“Two are better than one, because they have a good return for their work: If one falls down, his friend can help him up.” – Ecclesiastes 4:9-10
Not being a fan of self-checkout in stores is just one more thing, I suppose, that puts me further and further behind on the technology curve. Part of my dislike stems from having always been a “late-adopter” of technology, thus being a bit slow and lazy about learning it. Except out of necessity, technology has never been one of my great interests. But there is another reason I resist self-checkout, and that is I happen to enjoy interactions with fellow human beings. So, it is not unusual to find me waiting in a long line to be checked out by a human, rather than using the more efficient self-service lanes.
In the late 1980’s when the technology revolution was rapidly gaining momentum, there was hardly an industry or profession whose workforce did not fear its potential impact. Plain and simple, the fear was that our livelihoods were in jeopardy of being replaced or reduced by technology. That was when the president of our company at the time, in an appeal to calm such fears, said something I’ve never forgotten. “There will never cease to be a need,” he said, “for the advice and counsel of a fellow human being.” Meaning, while the delivery methods for our services may change, the need for them never will.
Now admittedly, I personally am an extravert by its truest definition, that is one who is energized by being around people. But it doesn’t matter really whether we are extraverted on introverted, we are all designed for the purpose of companionship, not isolation, for intimacy, and not loneliness. Nor are we here on this earth to serve only ourselves, but to serve God and others. Simply put, people need people, always have and always will.
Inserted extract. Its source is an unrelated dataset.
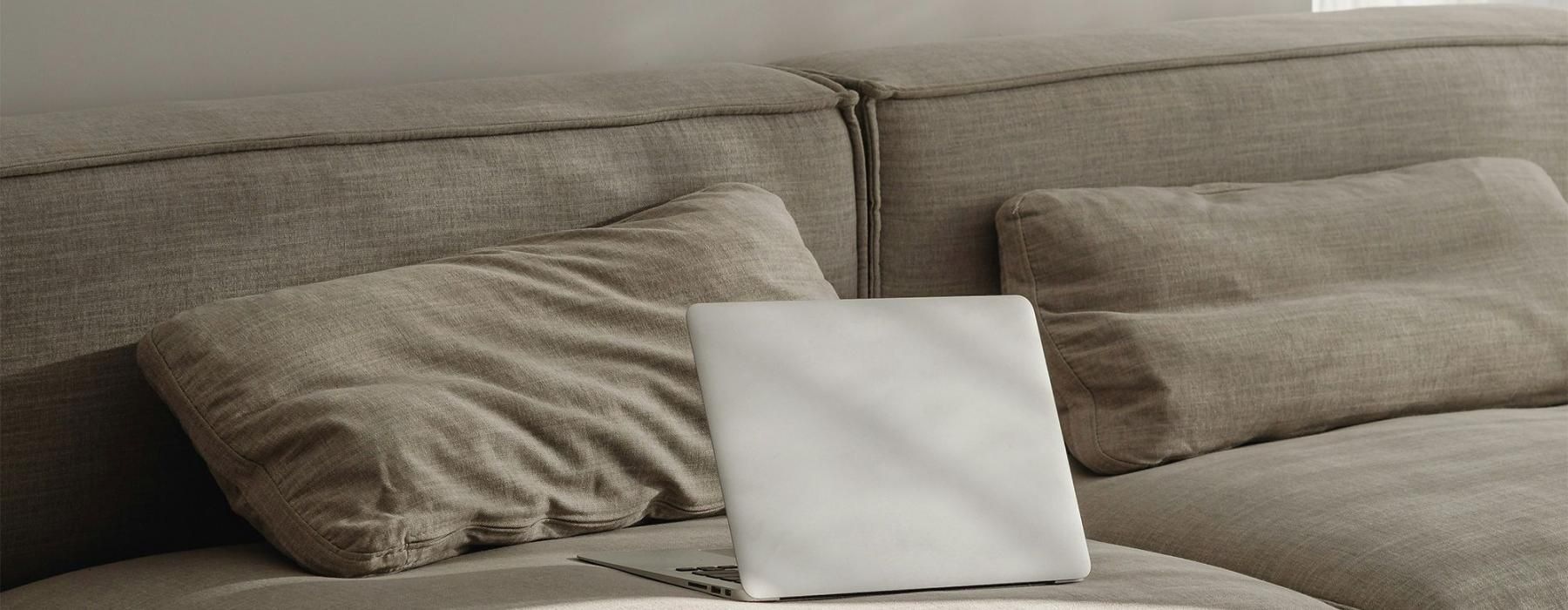 a couch with pillows and a laptop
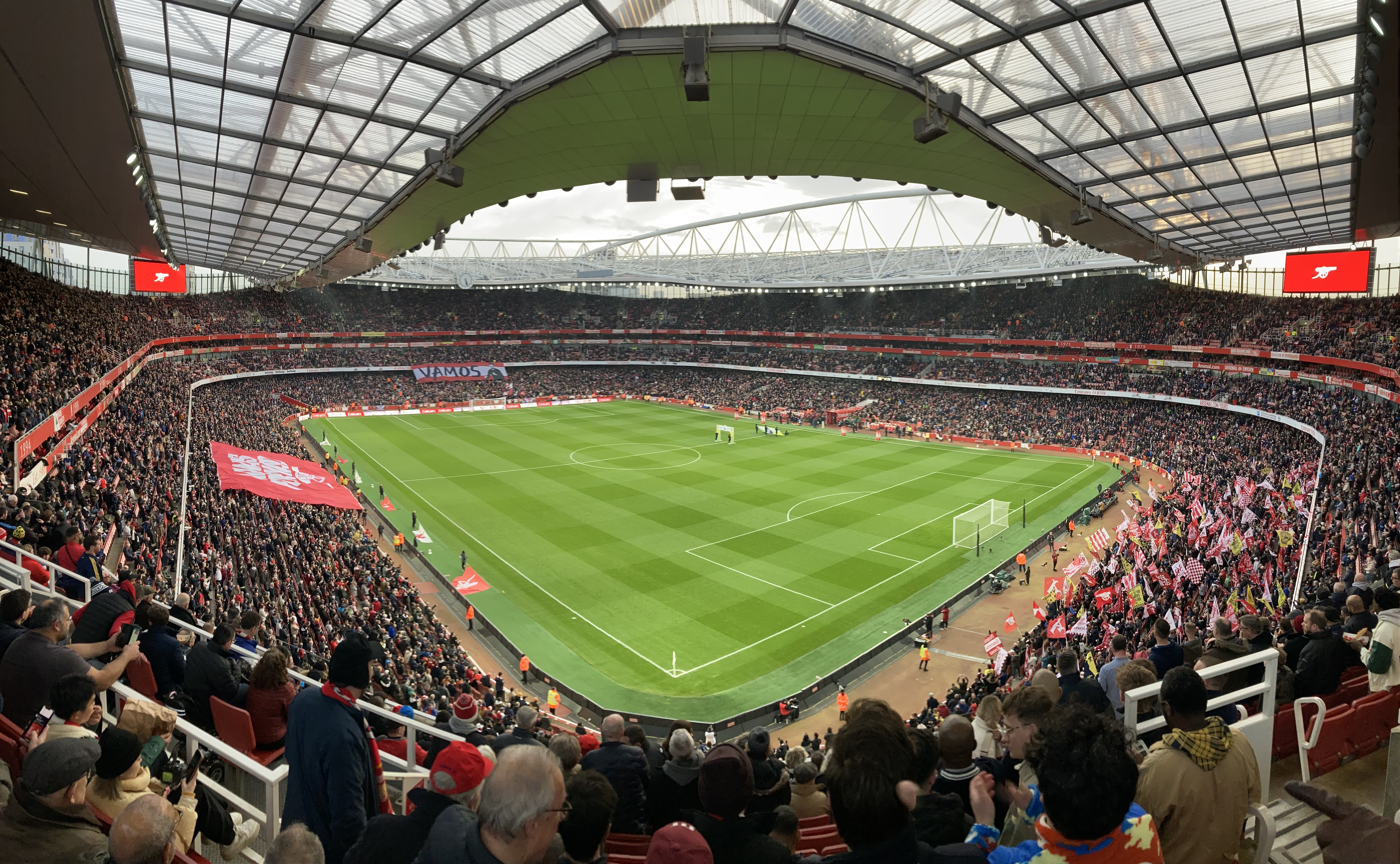 Panoramic view of a packed football stadium with fans filling the stands. The green pitch is set for a match, with goalposts visible at both ends. Large red banners and flags are displayed by supporters, and the stadium roof arches overhead with a modern design.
Does that mean self-service will disappear, and checkout clerks are going to make a comeback? I wouldn’t count on it; which means people like me are going to have to accept it and adapt to using it. But one thing will never change, and that is that “Two are better than one, because they have a good return for their work: If one falls down, his friend can help him up.” That is the way we are created, and technology will never change that fact. For as my old boss once said, there will never cease to be a need for the advice and counsel – and companionship – of fellow human beings.